You guys have given me the bug!!!! I almost went charging 3 1/2 hrs to western mass. For a Logan lathe. Learned just in time that a 210 model is not 12x42 as posted but 10x24. Still a good deal it seems at 600.00 but have heard of issues with the head stock bearings on the 10 inch logans. Still looking with impatience. Will have to evict the dust collector out of the shop to make room, but it should be happy under the stairway with a little more shelter provided. Thanks to all for taking the time to post and beeing generous with your knolege.
Thanks Frank S
Eric

----------


## bimmer1980

I've seen some line boring jigs that they just temporarily weld onto the item to be line bored..... Using your lathe as a power source and a way to jig everything up to make controlled cuts is a slick idea!!!

Thanks for sharing!!

----------


## ibdennyak

the perfect example of ingenuity. I was going to say American ingenuity, but after joining this site I find it isn't found only in America

----------


## Frank S

> the perfect example of ingenuity. I was going to say American ingenuity, but after joining this site I find it isn't found only in America



Nope not just restricted to Americans, here on HMT.net we have ingenuous folks scattered all around the globe

----------


## Toolmaker51

> Nope not just restricted to Americans, here on HMT.net we have ingenuous folks scattered all around the globe



Don't know origin of term 'Yankee Ingenuity'. But as we are only a couple hundred years old, we couldn't have created it.
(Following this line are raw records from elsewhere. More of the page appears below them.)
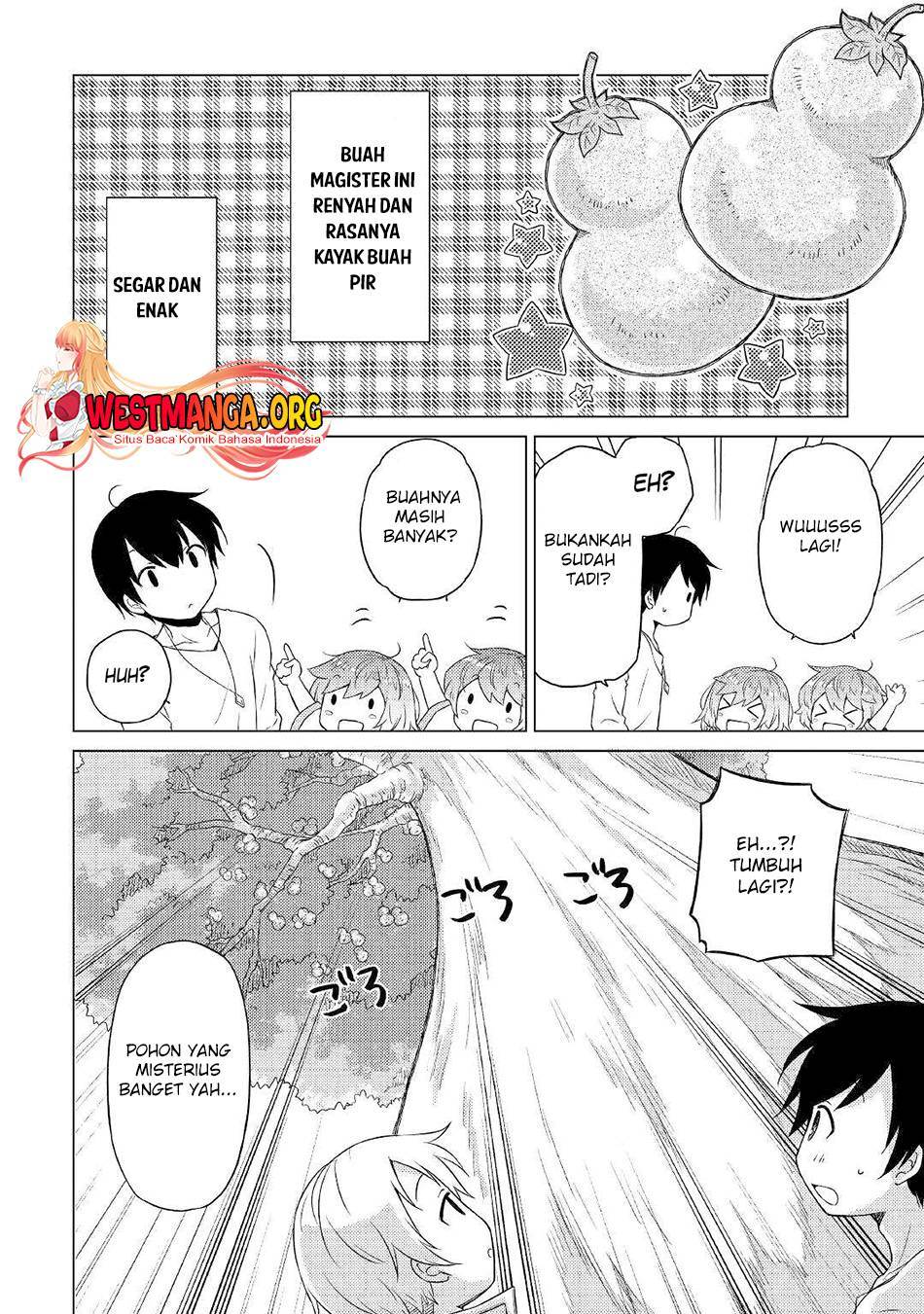 Isekai Yururi Kikou: Kosodate Shinagara Bouken-sha Shimasu Chap 45 - Next Chap 46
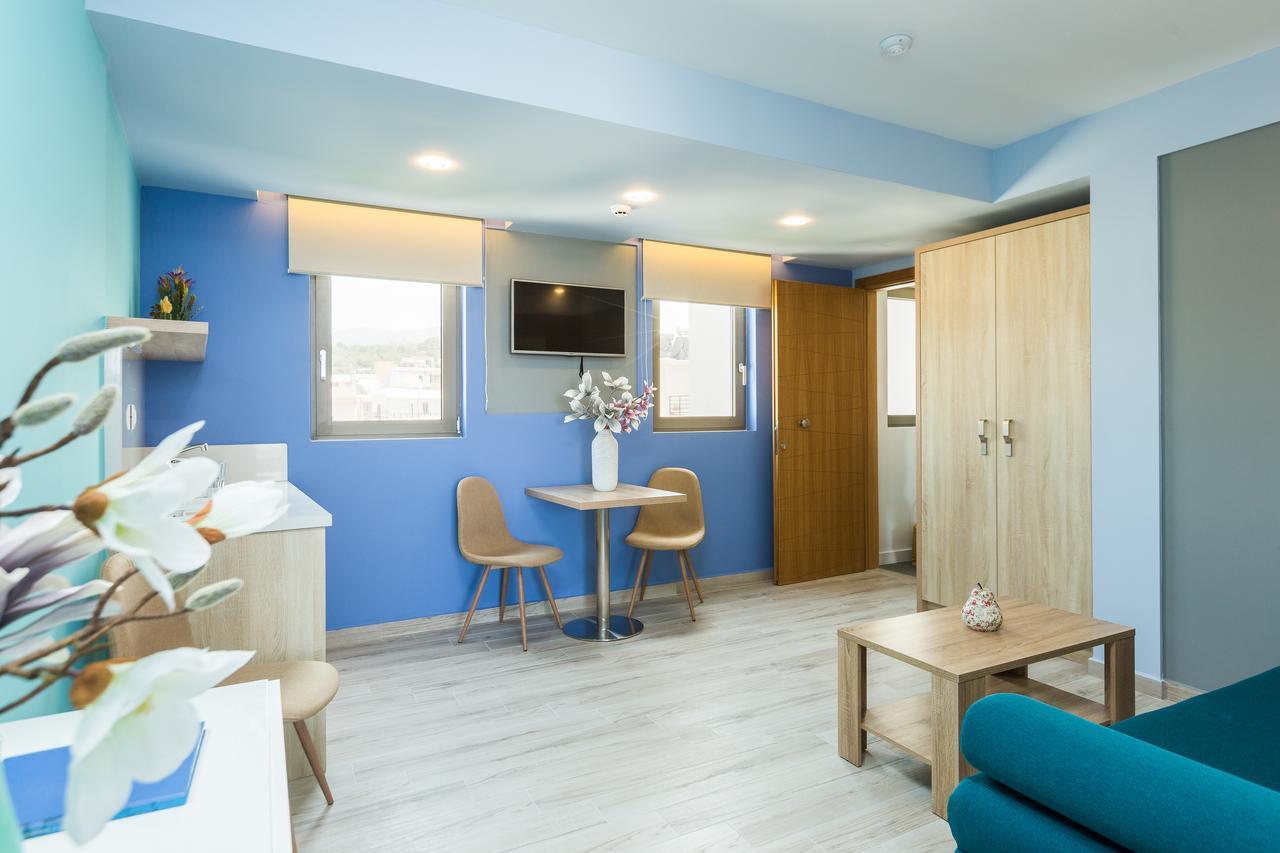 Menta City Boutique Hotel 레팀노 외부 사진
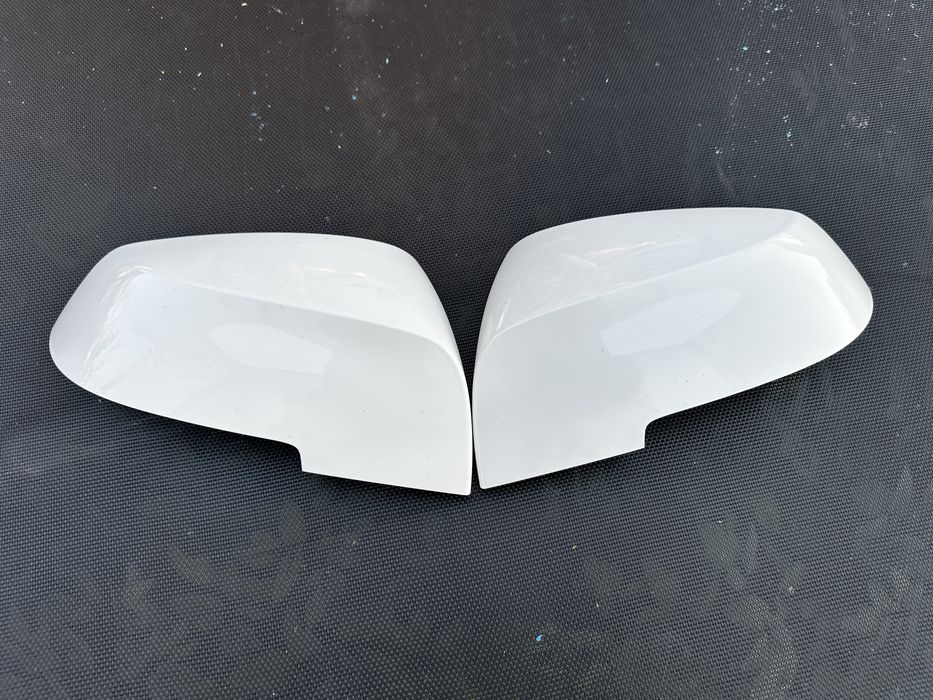 Накладки на дзеркала бмв f30 оригінал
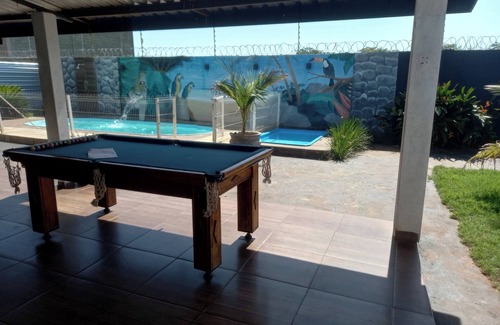 Tres Lagoas Maison | Ranch in urban area near the river for fishing and leisure, Três Lagoas MS. Pets✔️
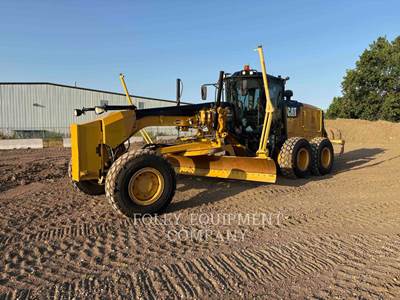 Caterpillar 140M3 AWD Motor Grader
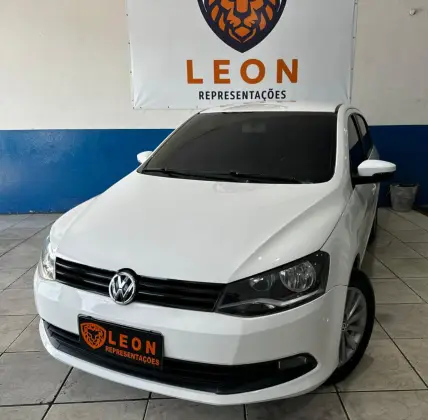 VOLKSWAGEN VOYAGE 1.6 MI COMFORTLINE I-MOTION 8V FLEX 4P AUTOMATIZADO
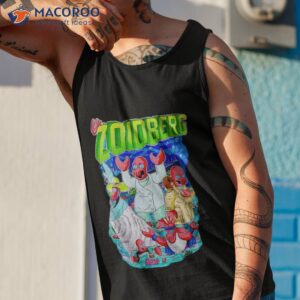 dr zoidberg the simpsons shirt tank top 1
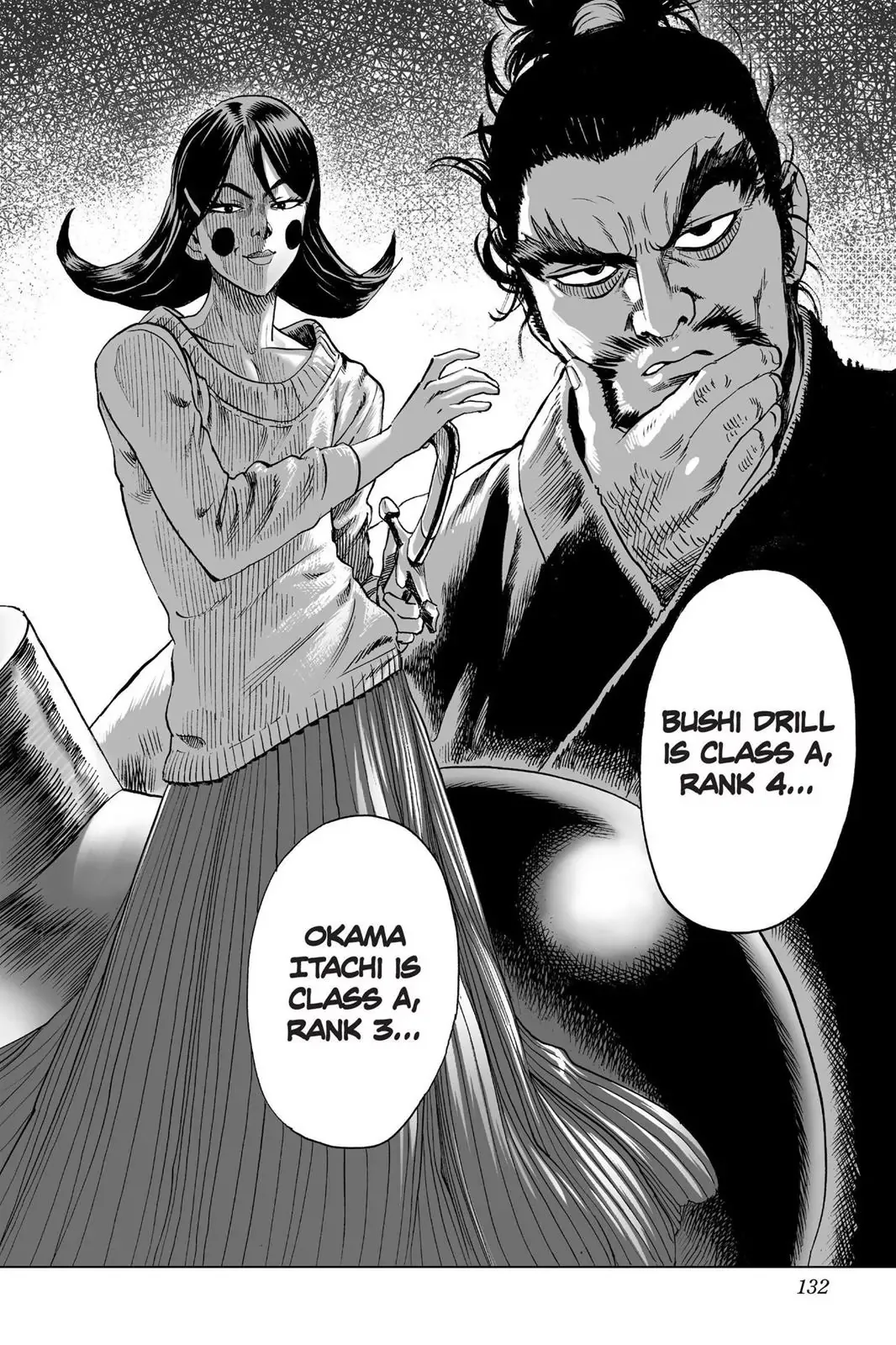 One-Punch Man Chapter 45 page 6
We owe what looks like 'ours' to the influx of all nationalities bringing skills to a rather central location, and that is unique. Immigration and knowledge fed the Industrial Revolution, and that provided a huge advantage. 
Proof in a broader scale, as others observe, is in HMT.net. We constantly refine established techniques, with the internet performing as a substitute for physical travel. 
But never have I wanted to meet 'strangers' more!

----------


## Frank S

My view point on the term Yankee Ingenuity 
http://www.homemadetools.net/forum/s...-lies-42152-24

----------

Paul Jones (Jul 20, 2018)

----------


## bill1943

Keith Fenner on YouTube is a machinist and has made large boring bars.

----------